Look, I do apologize if the language I used in my proof was somehow unclear, but you are just imposing random interpretations onto my proof instead of asking for clarifications, which is what any person *should* be doing, and then saying "see, your proof is bad because of this interpretation I gave it, so how about you don't do what OP asked and try proving discontinuity in a different way." I am not sure how am I supposed to take that and simply accept it.
Let me rephrase what I stated in my first reply.
There exists some ε > 0 such that, for every δ > 0, |x - 0| < δ & the disjunct ε = |1/x - f(0)| or ε < |1/x - f(0)|. This is because |x - 0| = |x| < δ and |1/x - f(0)| = 1/|x|. |x| < δ is equivalent to 1/δ < 1/|x|. So there exists some ε = 1/δ such that for every δ > |x| > 0, ε > 0 and ε < 1/|x| is satisfied, which is what needed to be satisfied.
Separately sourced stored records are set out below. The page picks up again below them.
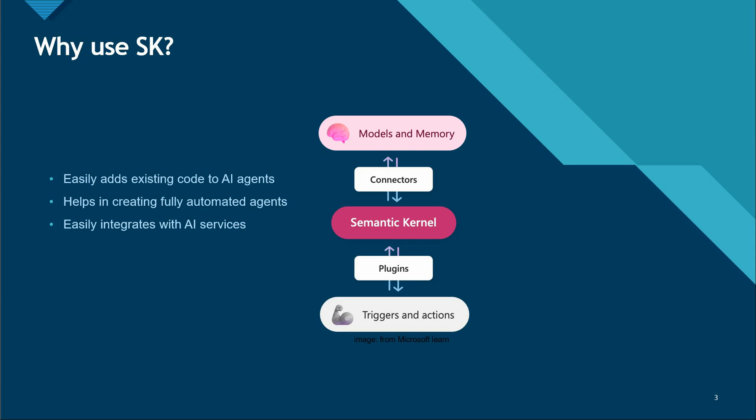Another reason to use SK is that its interface allows you to flexibly integrate any AI service with the use of connectors. Using connectors and plugins, we can easily switch between various models. Let's say today you are building using OpenAI and tomorrow suddenly you decide to move to Azure OpenAI. This kind of switching is very flexible and very easy if you are going with Semantic Kernel.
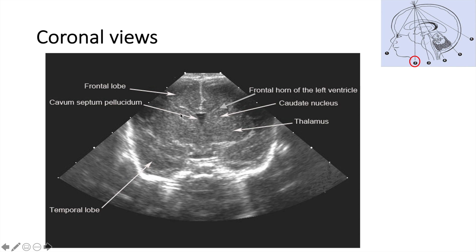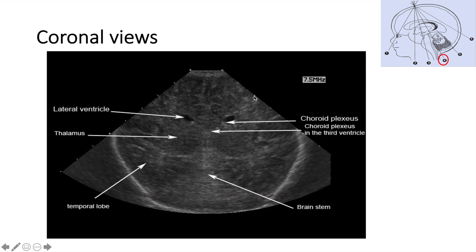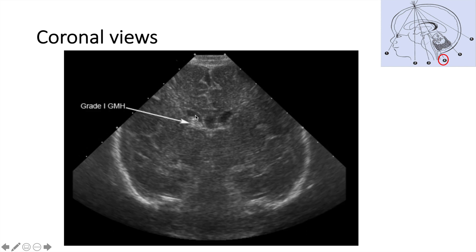Moving backward a little bit, we're starting to see both ventricles — this is the right lateral ventricle and this is the left lateral ventricle. You can still see the caudate-thalamus on each side, and the dark structure in the middle is the cavum septum pellucidum. Moving backward further, you start to see the choroid plexus on each side. This is how grade one IVH looks on the coronal view — you can see bright clot here.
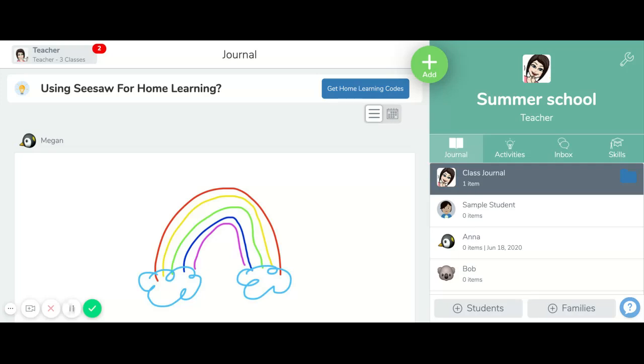This quick video is going to show you how to delete a student who may have moved to a different building or different district, or to add a student when you get a new student throughout the middle of the school year.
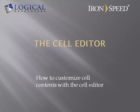Hi, I'm Paul Mudiano from Logical Developers, and in this video, we're going to learn how to customize cell contents with the cell editor in Ironspeed Designer.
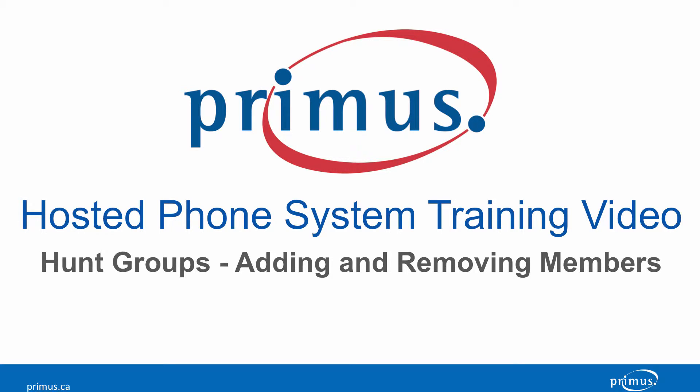Welcome to the Primus Hosted PBX video training series. In this video, we're going to explain how to add or remove members in a hunt group in the Primus Hosted PBX Administrative Portal.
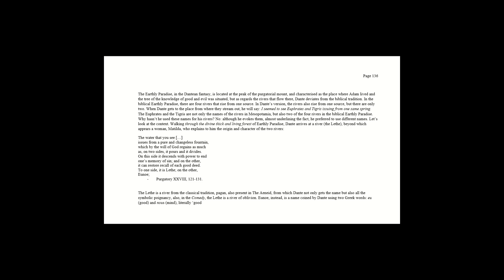Let's look at the context. Walking through the divine, thick and living forest of earthly paradise, Dante arrives at a river, the Lethe, beyond which appears a woman, Matilda, who explains to him the origin and character of the two rivers.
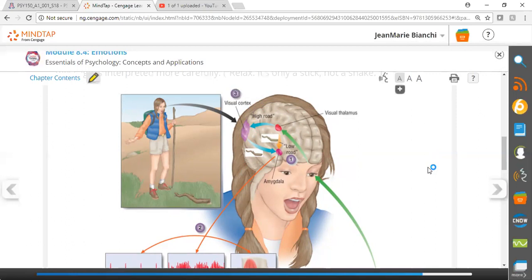He is a famous emotion researcher. You can hop on YouTube and see various talks he's given. This was a major prominent model that came out in the early 2000s about how the brain deals with emotional events, and you should be familiar with it.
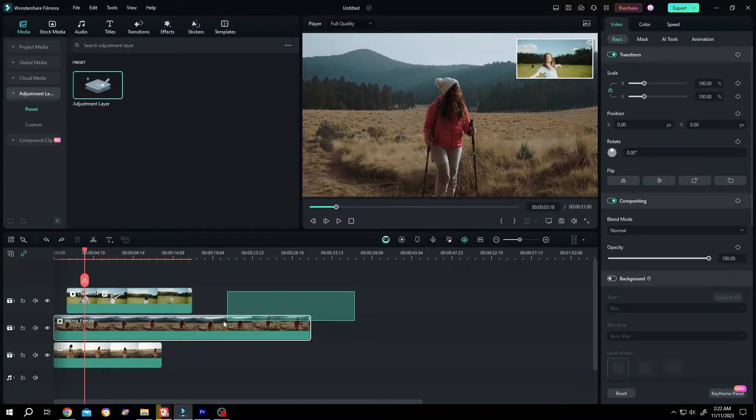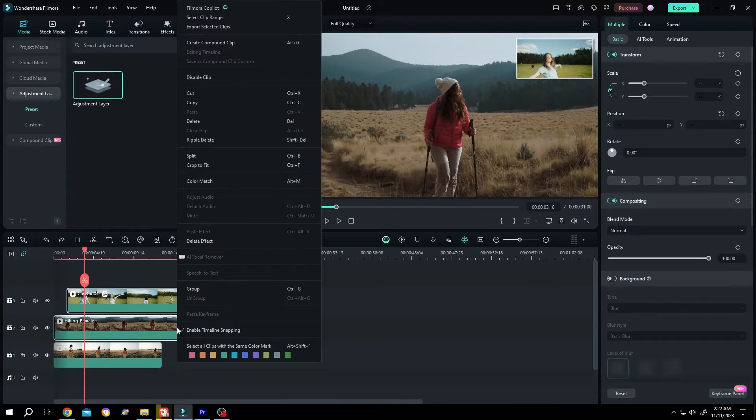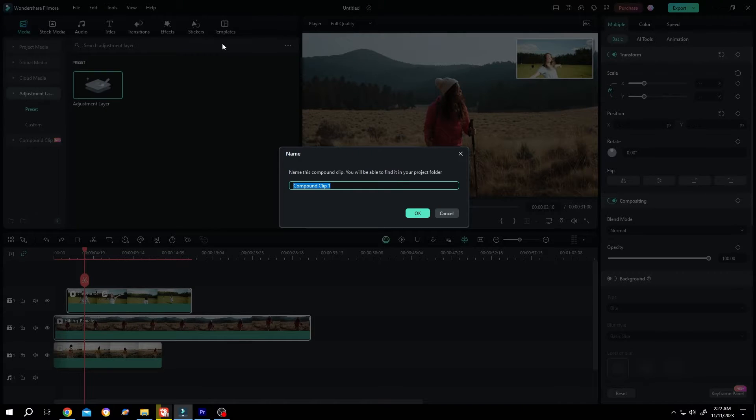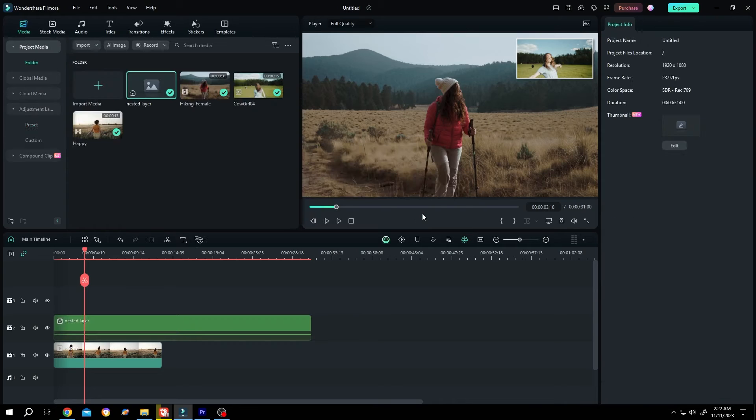Select both of the clips, right click, create compound clip. Give it a name like nested layer, like Premiere Pro, then press OK.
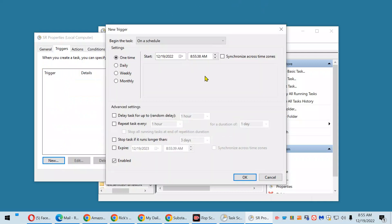Another box pops up. You want to select Daily because you want to create the restore point every day. And if you want to, you can change the time of day or you can just let it use the default time. I'm just going to let it use the default time here.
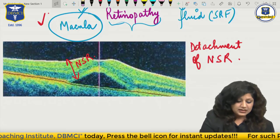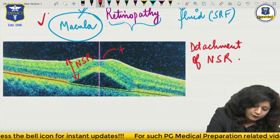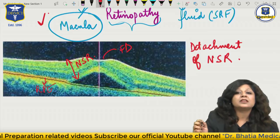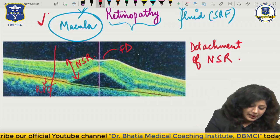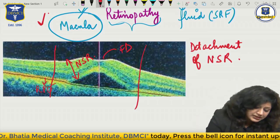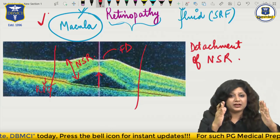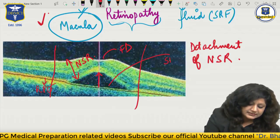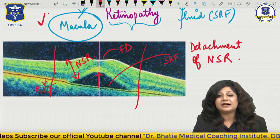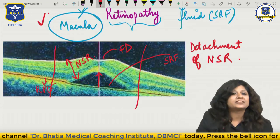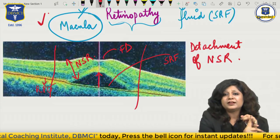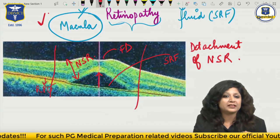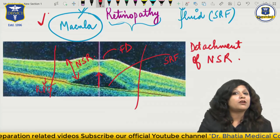Now try to see this OCT. Can you see here - this was the neurosensory retina, this is the foveal depression, and this is your RPE layer - the retinal pigment epithelium. This will be your macular area. Can you see detachment of the macula in the macular area? Because there is detachment of the macula in this area, there is collection of fluid - SRF, that is subretinal fluid. So I can see detachment of neurosensory retina and collection of the fluid. Therefore I can say this is central serous retinopathy. This is how you will see the OCT picture of CSR.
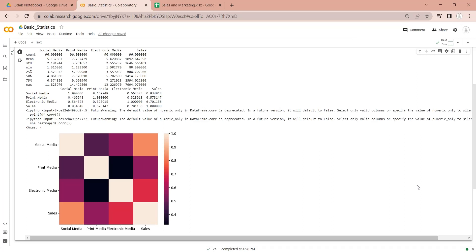Welcome to another Python tutorial. Today we will use Google Colab to access an Excel file placed in Google Drive and perform some basic statistics.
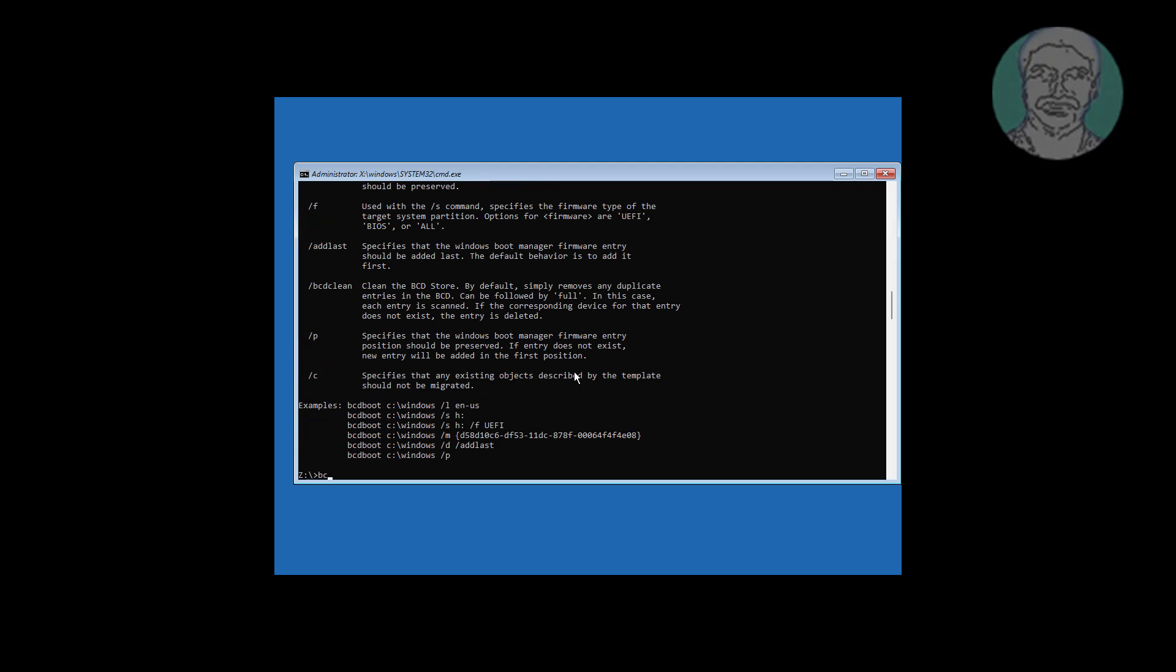Type bcd boot space installed windows drive colon backslash windows space slash l space en minus us space slash s space z colon space slash f space all.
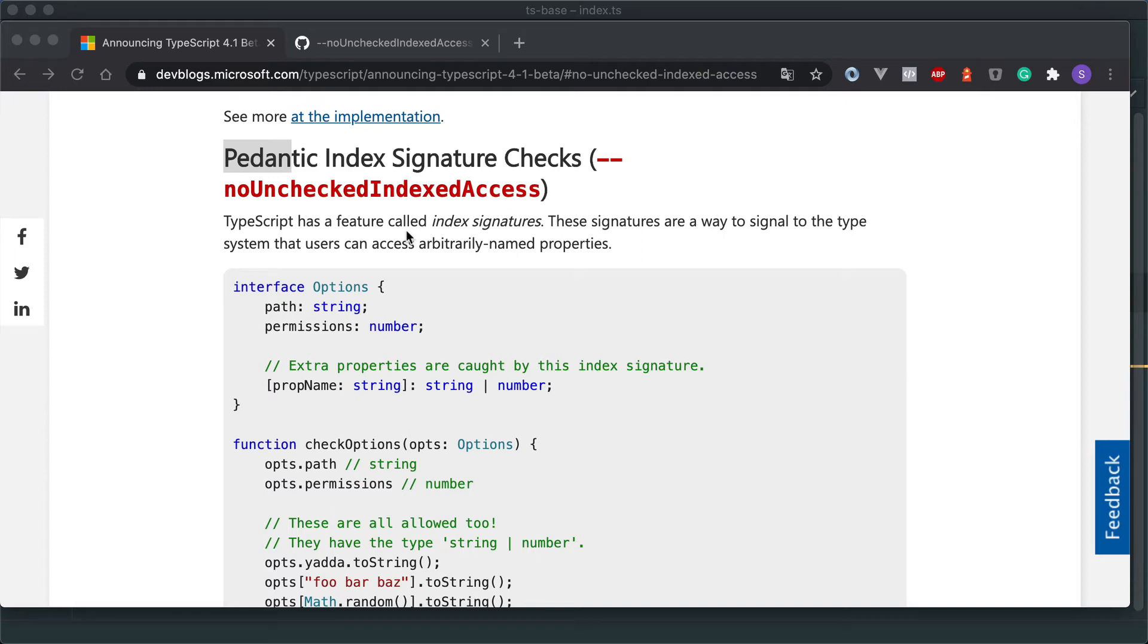Today I wanted to walk through one of my favorite features in TypeScript 4.1 and that is pedantic index signature checks. And this is a feature I'm really looking forward to.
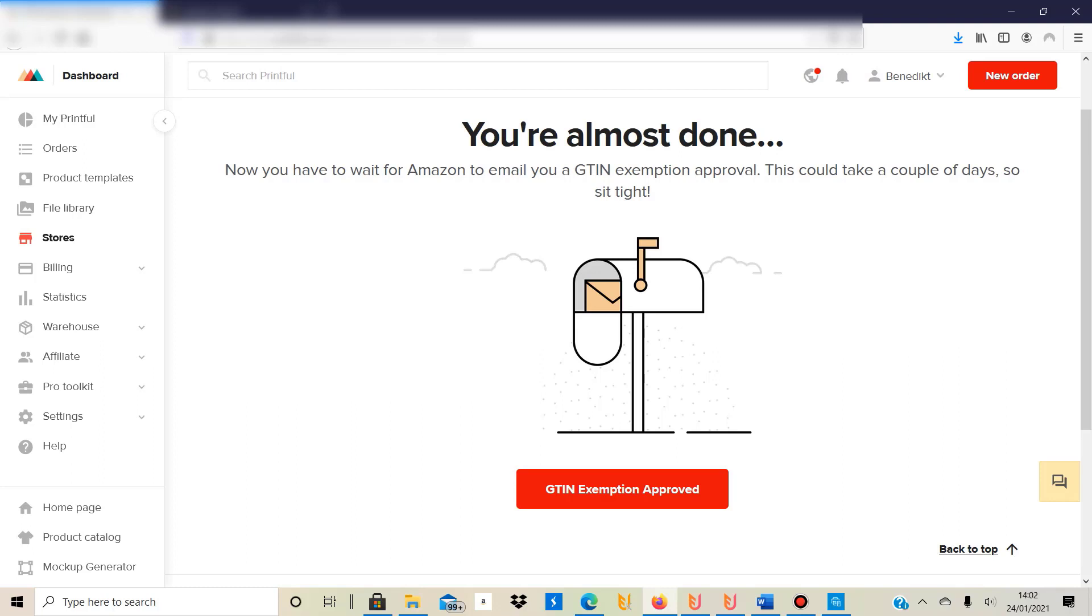So that means that if you sell a private label product which doesn't have a barcode, because every product listed on Amazon, like when you do FBA and send products to Amazon to be shipped by Amazon to the customer, this is called fulfilled by Amazon and every product requires a barcode. And also if you sell third-party products that have been manufactured by someone else then they usually have a barcode. But if your products are bespoke designs and you have designed this product and you just get it printed on a shirt for example, then this won't have a barcode so you need to apply for this GTIN exemption.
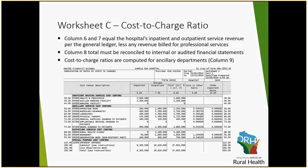However, if the supply costs and drug costs are reflected in various lines within Worksheet A, you likewise need to report the revenues associated with those expenses within the various lines on Worksheet C. Sometimes you will have to split a revenue code in order to match your revenue and your expenses.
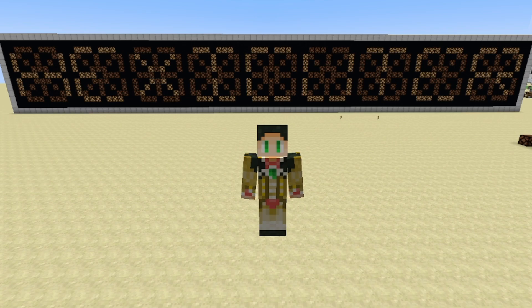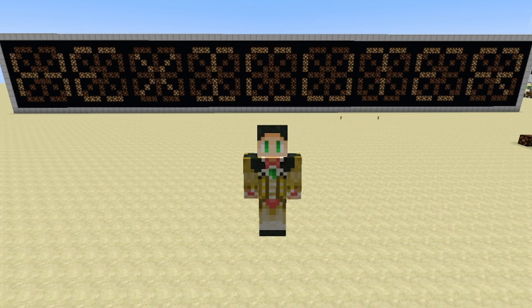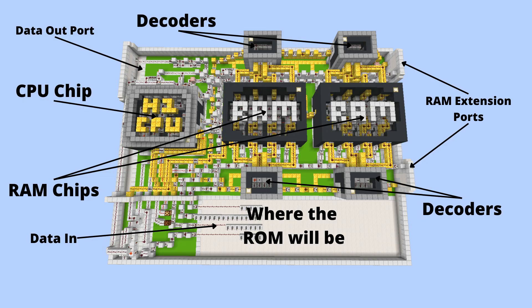Over a year ago I released a video on the hex computer hardware I've developed. If you haven't seen it, there will be a link in the description. Shortly after releasing that video, I decided to start a new redstone computer project using that hardware. Here's an old screenshot of that computer. As you can see, it has almost everything I covered in the video. I was pretty happy with my design until I encountered a few roadblocks. The first problem was that I hadn't yet developed any suitable hexadecimal ROM designs.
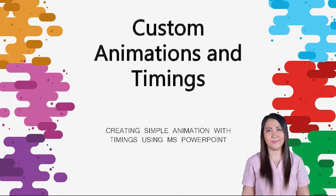This is the continuation of our discussion. We will talk about custom animations and timings using Microsoft PowerPoint.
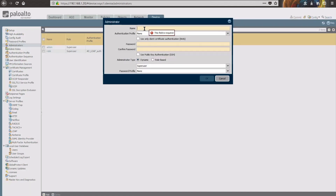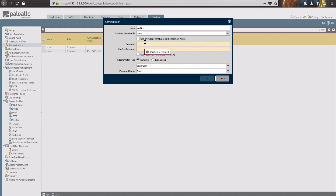We're going to give this user a name. We don't need an authentication profile, but if you have one set up and want to authenticate against objects in your directory, you can certainly do that. You can use certificates as well, which is the next choice down, if you'd like to do that.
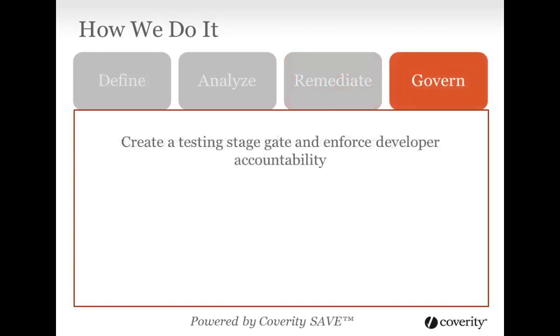Now that you can easily measure testing effectiveness, and your developers and testers understand exactly what to work on, you can create a stage gate ensuring that code doesn't progress to later stages until it is adequately tested. By gaining visibility into testing deficiencies, you're able to hold developers accountable for testing.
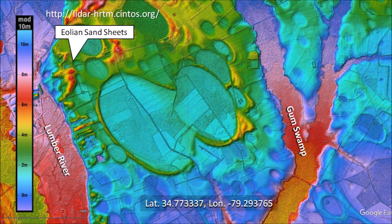This LiDAR image from Cintos.org shows a large cluster of overlapping Carolina Bays located about 6 kilometers northeast of Maxton, North Carolina, between the Lumber River and the Gump Swamp.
Can't you just show that g(x) = x is cont., since f(x) = g(g(x))?
cant we say that bc f(x) is differentiable for all values (-inf, inf), it is therefore continuous by default?
And how do you check differentiability?
You would need to prove differentiability, and then prove differentiability implies continuity, and both proofs require the same definition used to prove continuity in the first place.
Q: Prove f(x)=x^2 is continuous for all real x
A: The proof is trivial and left as an exercise for the grader
Great video :) congrats on 100mil total views!
Thank you!!!
I still don't really get why we chose 1 as one of the values for δ.
I don't get it. Why can the triangle inequality theorem be applied?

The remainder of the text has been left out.